Work to be completed: Please copy each line below that contains the string "information".

Dataset content:

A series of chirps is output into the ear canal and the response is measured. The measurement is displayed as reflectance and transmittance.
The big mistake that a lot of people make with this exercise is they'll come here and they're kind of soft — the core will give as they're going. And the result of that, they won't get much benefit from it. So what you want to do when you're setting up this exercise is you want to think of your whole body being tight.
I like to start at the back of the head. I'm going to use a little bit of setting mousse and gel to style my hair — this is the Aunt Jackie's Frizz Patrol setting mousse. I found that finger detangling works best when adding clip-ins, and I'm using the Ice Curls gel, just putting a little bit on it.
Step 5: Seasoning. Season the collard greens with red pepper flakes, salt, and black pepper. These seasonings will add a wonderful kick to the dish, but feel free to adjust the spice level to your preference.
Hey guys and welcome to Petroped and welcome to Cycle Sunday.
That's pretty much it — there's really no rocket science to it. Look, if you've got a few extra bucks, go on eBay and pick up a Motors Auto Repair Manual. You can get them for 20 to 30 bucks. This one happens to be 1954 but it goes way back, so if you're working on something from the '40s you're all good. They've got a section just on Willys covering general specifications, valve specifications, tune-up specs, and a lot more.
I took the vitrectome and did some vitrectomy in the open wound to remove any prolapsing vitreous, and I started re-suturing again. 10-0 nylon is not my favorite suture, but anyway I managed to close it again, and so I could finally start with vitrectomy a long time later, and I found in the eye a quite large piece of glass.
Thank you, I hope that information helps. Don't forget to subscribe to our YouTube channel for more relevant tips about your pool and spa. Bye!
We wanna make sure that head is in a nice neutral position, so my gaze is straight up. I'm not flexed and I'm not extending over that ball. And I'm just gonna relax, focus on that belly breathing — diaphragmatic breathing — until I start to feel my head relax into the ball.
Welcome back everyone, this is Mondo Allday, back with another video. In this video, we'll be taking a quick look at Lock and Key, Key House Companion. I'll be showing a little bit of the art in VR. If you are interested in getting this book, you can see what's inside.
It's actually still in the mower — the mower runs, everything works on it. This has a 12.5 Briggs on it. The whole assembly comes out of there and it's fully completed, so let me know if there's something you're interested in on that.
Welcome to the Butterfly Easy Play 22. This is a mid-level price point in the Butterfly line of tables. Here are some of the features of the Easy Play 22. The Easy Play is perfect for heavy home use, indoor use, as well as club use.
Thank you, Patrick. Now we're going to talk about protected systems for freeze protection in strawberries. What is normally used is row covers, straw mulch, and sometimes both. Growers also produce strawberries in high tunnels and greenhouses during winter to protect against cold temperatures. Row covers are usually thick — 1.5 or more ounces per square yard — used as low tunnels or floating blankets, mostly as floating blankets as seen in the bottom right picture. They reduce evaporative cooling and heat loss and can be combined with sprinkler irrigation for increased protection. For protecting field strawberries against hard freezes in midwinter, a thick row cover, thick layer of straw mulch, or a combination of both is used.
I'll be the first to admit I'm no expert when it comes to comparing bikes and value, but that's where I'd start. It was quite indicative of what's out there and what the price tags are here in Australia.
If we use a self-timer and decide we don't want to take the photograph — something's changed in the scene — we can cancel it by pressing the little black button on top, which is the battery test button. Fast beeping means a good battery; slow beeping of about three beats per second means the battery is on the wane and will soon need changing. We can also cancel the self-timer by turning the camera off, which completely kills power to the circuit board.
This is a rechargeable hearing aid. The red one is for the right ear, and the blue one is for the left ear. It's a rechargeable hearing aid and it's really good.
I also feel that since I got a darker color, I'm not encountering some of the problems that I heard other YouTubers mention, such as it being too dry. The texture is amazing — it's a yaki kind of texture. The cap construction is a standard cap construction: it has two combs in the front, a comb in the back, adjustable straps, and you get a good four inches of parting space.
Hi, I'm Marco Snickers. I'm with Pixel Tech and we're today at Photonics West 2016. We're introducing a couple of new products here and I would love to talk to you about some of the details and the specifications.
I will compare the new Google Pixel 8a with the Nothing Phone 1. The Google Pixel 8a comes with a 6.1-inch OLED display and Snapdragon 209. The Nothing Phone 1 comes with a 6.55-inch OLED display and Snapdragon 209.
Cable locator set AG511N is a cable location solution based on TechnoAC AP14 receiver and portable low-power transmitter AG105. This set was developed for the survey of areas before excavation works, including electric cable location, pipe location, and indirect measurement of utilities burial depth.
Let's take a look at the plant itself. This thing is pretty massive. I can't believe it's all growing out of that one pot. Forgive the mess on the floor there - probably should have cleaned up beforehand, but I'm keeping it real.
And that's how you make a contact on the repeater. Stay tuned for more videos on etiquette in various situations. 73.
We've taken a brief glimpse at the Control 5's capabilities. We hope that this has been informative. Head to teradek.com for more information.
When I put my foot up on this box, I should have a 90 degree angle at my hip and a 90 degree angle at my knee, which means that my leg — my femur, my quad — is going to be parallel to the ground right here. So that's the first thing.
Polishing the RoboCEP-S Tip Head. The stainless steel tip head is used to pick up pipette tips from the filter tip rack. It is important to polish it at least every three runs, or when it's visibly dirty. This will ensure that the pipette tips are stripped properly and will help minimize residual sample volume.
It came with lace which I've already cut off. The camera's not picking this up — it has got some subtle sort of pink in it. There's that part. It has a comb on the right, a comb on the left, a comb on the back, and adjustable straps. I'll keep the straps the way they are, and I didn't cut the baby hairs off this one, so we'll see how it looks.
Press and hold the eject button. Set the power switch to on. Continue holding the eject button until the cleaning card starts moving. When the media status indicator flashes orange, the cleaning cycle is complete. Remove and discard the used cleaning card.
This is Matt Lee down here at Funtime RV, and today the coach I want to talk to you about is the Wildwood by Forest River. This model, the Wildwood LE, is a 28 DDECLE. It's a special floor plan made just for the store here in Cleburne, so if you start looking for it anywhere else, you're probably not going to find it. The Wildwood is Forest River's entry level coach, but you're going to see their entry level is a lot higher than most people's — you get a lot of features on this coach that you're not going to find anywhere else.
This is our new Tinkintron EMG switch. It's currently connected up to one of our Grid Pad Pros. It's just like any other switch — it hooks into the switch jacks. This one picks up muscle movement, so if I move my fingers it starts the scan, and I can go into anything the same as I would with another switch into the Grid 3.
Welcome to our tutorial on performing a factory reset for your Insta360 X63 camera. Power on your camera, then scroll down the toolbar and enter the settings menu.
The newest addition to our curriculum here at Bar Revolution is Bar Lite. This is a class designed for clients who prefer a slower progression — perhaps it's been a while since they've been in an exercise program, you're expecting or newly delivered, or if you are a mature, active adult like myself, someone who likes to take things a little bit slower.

Completed task:
Thank you, I hope that information helps. Don't forget to subscribe to our YouTube channel for more relevant tips about your pool and spa. Bye!
We've taken a brief glimpse at the Control 5's capabilities. We hope that this has been informative. Head to teradek.com for more information.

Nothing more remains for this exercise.